Work done, power, kinetic and gravitational potential energy, and the conservation of energy in mechanical situations.

What this dot point is asking

WJEC Double Award Unit 6 wants you to calculate work done, power, kinetic energy and gravitational potential energy, and apply the conservation of energy.

Work and power

Work and energy use the same unit (the joule) because doing work transfers energy. A more powerful device transfers the same energy in less time.

Kinetic and potential energy

Note the $v^2$ in kinetic energy: doubling the speed quadruples the kinetic energy, which matters for stopping distances.

Conservation of energy

Energy conservation lets you work out, for example, the speed of a falling object by setting the potential energy lost equal to the kinetic energy gained.

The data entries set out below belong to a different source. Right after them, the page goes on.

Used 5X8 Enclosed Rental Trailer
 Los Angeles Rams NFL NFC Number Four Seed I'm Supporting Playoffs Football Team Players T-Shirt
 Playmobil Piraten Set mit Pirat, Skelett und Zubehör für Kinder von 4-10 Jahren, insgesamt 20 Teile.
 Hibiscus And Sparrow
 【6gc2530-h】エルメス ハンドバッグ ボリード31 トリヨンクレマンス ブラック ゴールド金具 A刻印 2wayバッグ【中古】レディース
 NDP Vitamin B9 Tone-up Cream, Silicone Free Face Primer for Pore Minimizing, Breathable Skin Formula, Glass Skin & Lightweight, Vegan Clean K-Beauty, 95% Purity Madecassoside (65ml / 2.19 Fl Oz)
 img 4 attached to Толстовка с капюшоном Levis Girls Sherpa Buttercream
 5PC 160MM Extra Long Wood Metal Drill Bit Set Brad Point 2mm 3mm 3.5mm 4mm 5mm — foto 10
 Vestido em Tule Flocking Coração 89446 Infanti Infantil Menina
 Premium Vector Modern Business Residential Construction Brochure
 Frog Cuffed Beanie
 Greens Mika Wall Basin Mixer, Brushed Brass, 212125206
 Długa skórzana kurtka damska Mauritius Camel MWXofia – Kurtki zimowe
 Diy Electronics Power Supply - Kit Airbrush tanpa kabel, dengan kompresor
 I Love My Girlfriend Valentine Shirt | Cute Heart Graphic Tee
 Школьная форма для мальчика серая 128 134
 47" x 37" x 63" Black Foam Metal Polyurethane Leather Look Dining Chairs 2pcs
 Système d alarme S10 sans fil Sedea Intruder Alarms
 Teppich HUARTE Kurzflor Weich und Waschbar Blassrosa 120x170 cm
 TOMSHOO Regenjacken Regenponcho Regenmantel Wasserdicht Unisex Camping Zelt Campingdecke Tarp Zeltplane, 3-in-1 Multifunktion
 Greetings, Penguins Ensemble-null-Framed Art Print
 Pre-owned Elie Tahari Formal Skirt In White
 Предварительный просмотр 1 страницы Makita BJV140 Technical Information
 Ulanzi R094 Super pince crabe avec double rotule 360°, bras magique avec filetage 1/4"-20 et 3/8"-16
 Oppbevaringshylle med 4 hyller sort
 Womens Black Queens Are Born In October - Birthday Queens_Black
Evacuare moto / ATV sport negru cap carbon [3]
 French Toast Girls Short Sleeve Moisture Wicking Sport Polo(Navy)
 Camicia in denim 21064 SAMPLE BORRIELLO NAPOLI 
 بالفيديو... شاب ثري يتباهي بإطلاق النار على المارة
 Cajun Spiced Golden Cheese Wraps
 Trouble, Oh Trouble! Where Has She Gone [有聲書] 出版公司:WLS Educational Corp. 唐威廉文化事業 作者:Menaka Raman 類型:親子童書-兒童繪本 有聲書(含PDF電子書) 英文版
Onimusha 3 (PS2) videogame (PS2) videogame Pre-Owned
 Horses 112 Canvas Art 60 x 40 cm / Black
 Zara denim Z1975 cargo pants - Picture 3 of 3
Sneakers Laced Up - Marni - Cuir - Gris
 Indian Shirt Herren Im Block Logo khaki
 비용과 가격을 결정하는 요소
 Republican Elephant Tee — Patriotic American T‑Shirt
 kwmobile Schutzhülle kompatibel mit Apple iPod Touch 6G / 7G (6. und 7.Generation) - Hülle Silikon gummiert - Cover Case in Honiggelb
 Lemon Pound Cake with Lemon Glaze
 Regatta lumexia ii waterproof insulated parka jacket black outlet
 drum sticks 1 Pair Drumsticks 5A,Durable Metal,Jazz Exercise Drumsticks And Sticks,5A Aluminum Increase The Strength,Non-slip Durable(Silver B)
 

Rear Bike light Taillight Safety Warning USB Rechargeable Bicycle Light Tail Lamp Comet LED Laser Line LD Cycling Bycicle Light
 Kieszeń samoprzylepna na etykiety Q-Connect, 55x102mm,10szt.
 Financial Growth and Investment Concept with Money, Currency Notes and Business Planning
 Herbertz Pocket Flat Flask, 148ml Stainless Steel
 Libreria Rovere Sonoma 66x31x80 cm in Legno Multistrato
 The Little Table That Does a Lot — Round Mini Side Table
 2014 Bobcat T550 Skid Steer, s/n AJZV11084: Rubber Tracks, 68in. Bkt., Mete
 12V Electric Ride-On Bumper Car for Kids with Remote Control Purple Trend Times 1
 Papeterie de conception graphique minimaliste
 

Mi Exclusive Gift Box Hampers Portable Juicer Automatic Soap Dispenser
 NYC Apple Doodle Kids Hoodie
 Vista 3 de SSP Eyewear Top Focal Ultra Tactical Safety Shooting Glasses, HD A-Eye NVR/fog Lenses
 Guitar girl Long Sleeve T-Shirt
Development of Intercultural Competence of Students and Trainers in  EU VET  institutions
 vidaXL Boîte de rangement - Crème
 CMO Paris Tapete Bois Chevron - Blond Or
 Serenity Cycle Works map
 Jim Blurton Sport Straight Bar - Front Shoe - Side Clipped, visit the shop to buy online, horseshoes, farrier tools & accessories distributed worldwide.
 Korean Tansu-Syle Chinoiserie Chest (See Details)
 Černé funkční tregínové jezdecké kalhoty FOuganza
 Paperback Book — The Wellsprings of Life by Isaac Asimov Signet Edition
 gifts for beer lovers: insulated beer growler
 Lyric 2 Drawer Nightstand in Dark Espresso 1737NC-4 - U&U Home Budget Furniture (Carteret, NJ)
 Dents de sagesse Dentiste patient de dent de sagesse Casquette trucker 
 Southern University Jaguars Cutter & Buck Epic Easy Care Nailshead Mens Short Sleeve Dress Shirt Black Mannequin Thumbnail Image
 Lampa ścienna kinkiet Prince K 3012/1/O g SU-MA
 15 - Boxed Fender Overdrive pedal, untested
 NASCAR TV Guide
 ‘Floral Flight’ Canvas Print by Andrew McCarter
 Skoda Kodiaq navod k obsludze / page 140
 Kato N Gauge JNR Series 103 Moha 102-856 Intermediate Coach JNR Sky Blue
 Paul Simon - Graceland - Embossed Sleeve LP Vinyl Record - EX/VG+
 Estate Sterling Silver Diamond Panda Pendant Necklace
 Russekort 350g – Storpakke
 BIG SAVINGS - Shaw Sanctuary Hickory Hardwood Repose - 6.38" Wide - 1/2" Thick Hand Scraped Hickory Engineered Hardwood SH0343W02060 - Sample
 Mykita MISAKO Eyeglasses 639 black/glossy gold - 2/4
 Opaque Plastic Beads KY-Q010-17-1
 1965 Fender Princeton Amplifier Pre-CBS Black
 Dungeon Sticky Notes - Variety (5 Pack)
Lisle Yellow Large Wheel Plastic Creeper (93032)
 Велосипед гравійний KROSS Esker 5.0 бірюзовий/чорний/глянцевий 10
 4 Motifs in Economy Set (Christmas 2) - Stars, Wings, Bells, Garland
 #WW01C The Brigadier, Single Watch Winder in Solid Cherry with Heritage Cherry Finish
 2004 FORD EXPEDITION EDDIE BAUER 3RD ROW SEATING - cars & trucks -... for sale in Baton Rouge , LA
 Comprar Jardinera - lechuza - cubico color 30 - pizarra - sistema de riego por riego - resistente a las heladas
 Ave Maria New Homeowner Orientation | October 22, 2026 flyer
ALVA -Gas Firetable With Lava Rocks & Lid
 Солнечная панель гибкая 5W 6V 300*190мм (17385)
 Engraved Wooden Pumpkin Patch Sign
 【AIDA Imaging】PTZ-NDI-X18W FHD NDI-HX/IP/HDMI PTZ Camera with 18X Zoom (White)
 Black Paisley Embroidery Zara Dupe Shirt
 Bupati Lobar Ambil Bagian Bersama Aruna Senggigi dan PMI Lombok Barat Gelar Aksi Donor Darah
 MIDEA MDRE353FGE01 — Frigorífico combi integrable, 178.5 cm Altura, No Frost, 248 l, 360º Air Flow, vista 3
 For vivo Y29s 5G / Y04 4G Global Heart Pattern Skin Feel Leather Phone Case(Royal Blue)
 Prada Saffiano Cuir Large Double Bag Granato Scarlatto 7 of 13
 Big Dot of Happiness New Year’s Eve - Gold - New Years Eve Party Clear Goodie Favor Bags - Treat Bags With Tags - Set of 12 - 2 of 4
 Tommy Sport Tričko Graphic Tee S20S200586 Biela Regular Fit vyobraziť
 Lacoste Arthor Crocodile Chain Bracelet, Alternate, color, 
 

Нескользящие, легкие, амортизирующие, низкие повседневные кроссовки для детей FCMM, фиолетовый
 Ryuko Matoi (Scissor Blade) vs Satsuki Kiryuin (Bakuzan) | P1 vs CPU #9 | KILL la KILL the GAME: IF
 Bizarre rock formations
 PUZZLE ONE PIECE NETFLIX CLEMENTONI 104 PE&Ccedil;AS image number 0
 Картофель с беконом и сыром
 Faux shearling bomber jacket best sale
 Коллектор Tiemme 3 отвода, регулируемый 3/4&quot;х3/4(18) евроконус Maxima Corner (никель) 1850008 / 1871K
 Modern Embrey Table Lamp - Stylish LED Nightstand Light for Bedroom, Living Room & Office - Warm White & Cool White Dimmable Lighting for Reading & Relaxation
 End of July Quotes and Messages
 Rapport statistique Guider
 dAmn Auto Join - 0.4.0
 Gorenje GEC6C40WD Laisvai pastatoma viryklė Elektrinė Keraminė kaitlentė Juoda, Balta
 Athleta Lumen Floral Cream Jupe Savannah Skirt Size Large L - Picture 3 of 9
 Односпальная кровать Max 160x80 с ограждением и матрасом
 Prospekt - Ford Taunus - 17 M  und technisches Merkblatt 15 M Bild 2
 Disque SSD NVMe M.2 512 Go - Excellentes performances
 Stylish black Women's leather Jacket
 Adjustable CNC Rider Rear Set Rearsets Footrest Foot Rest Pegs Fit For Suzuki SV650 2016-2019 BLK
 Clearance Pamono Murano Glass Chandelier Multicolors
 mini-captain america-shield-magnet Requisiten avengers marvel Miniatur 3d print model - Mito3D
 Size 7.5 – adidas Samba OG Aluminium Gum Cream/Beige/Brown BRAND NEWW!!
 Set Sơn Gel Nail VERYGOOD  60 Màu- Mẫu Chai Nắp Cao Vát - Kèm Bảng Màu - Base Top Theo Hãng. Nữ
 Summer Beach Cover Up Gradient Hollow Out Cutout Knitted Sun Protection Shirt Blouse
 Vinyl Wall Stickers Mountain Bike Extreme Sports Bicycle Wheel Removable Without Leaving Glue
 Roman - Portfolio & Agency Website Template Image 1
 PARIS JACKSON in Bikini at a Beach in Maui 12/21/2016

Power and everyday devices

Power tells you how quickly a device transfers energy, and it is why appliances are labelled in watts or kilowatts. A 2000 W kettle transfers energy twice as fast as a 1000 W one, so it boils water more quickly but uses energy at a faster rate. Power can also be worked out for a person or machine: a person who does 600 J of work running upstairs in 3 s has a power of $\dfrac{600}{3} = 200\,\text{W}$. Recognising power as the rate of energy transfer, and using $P = \dfrac{W}{t}$, is a common calculation in this topic.

Springs and elastic energy

When a force stretches or squashes a spring, it stores elastic potential energy. While the spring is not stretched too far (within its limit), the extension is proportional to the force (Hooke's law), so a force-extension graph is a straight line through the origin. The stored elastic energy is released when the spring returns to shape, which is how a catapult or a spring-loaded toy works. Knowing that a stretched spring stores elastic potential energy, and that extension is proportional to force up to a limit, links forces to energy stores.

Where energy goes against friction

When a force does work against friction or air resistance, the energy is transferred to the surroundings as heat. This is why brakes get hot when a car stops, and why rubbing your hands warms them. In real machines, some of the input energy is always wasted as heat in this way, which is why no machine is 100% efficient. Recognising that work done against friction becomes heat links this topic to energy efficiency.

Try this

Q1. State the equation for work done. [1 mark]

• Cue. Work = force x distance.

Q2. A 3 kg object is lifted 2 m (g = 10 N/kg). Calculate the gain in gravitational potential energy. [2 marks]

• Cue. $E_p = mgh = 3 \times 10 \times 2 = 60\,\text{J}$.